You see, by calling it a novel, I could tell the story without putting myself in danger from skeptics, scientists, and intellectuals. "Fiction!" I would assure them. "Made it all up! Not a word of truth in it!" Then they would all go away and leave me alone, and perhaps a few sturdy souls would be willing to believe me, and I could open up in safety to them.
It hasn't worked out that way. The editors and agents and writers I respect most have always come back, after reading my "novel," with the same question: "Excuse me, but how much of this is fiction?" And I would hem and haw a bit before admitting that aside from making John and myself sound much better-looking than we are, I didn't fictionalize anything. It's all true, I would say. Then I would sink into my chair five or six inches and wait for them to call security.

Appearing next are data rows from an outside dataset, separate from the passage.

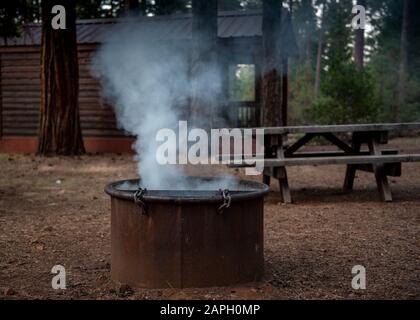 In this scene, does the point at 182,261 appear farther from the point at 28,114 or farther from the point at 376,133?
the point at 28,114

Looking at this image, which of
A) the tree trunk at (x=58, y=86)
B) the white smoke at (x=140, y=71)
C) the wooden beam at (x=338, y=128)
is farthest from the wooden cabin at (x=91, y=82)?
the wooden beam at (x=338, y=128)

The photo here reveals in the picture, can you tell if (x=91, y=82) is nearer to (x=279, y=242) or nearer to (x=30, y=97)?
(x=30, y=97)

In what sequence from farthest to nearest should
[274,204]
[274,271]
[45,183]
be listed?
[45,183] → [274,204] → [274,271]

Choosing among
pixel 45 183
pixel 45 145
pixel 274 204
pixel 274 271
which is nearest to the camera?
pixel 274 271

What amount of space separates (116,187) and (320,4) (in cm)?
3259

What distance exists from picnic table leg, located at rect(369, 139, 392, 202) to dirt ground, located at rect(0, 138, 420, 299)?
174 millimetres

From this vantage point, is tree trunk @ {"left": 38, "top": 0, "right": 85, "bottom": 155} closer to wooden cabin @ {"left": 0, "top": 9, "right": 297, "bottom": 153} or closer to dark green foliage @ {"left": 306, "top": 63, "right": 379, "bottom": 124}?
wooden cabin @ {"left": 0, "top": 9, "right": 297, "bottom": 153}

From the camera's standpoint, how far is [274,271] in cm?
410

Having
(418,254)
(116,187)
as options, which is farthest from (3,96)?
(418,254)

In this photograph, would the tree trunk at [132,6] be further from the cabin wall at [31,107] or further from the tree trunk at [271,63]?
the tree trunk at [271,63]

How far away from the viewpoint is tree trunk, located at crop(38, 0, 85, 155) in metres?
12.5

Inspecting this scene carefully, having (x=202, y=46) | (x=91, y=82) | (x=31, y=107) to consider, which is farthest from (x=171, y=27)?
(x=31, y=107)

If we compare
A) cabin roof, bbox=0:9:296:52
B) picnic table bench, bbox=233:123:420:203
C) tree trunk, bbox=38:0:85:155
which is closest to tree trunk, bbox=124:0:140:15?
cabin roof, bbox=0:9:296:52

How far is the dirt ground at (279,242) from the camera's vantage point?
11.8 ft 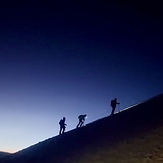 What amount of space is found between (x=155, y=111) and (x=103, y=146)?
172 inches

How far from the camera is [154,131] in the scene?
376 inches

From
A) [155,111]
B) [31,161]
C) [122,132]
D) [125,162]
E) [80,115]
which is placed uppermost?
[80,115]

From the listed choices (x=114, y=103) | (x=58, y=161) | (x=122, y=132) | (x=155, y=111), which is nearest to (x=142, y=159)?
(x=122, y=132)

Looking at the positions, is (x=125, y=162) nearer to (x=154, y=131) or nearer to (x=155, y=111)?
(x=154, y=131)

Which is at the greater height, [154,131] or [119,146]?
[154,131]

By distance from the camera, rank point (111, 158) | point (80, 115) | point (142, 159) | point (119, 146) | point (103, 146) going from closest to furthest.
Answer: point (142, 159), point (111, 158), point (119, 146), point (103, 146), point (80, 115)

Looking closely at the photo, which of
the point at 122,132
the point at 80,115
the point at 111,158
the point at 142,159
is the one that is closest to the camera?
the point at 142,159

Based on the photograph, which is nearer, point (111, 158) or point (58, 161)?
point (111, 158)

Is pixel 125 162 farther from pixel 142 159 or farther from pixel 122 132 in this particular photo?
pixel 122 132

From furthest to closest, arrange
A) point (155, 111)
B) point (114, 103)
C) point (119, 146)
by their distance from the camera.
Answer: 1. point (114, 103)
2. point (155, 111)
3. point (119, 146)

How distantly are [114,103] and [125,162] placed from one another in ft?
38.0

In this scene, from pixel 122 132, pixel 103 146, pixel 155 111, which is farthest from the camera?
pixel 155 111

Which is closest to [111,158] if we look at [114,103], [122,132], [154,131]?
[154,131]

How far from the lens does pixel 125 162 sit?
294 inches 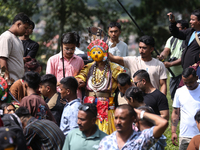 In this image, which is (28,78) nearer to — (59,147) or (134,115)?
(59,147)

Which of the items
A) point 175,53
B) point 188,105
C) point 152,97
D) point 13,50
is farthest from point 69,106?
point 175,53

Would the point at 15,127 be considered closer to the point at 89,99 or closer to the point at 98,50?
the point at 89,99

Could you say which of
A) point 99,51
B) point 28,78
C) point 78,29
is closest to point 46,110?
point 28,78

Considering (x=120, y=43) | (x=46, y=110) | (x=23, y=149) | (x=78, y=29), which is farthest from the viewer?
(x=78, y=29)

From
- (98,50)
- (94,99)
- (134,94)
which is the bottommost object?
(94,99)

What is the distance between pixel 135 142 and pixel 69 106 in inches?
57.6

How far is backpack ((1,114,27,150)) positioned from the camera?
3.31 meters

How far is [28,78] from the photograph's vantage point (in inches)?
195

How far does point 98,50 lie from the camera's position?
240 inches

So far, that hasn't happened. It has been five years since Mrs. Ross reared back against her parrot and delivered Adam's message, and in all that time my favorite people have continually repeated his advice. Open up, they say. It will feel better than remaining closed.
I am none too sure about this. I am very much afraid of being caught in the firestorms of controversy over abortion, genetic engineering, medical ethics. It worries me to think that I will be lumped together with the right-to-lifers, not to mention every New Age crystal kisser who ever claimed to see an angel in the clouds over Sedona. I am reluctant to wave good-bye to my rationalist credibility. Nevertheless, the story will not stop unfolding, and it will not stop asking me to tell it. I have resisted it for what feels like a very long time, hoping it would back off and disappear. But it hasn't.
So, Mrs. Ross, wherever you are, thank you for delivering my son's message. After all these years, I've finally decided to listen.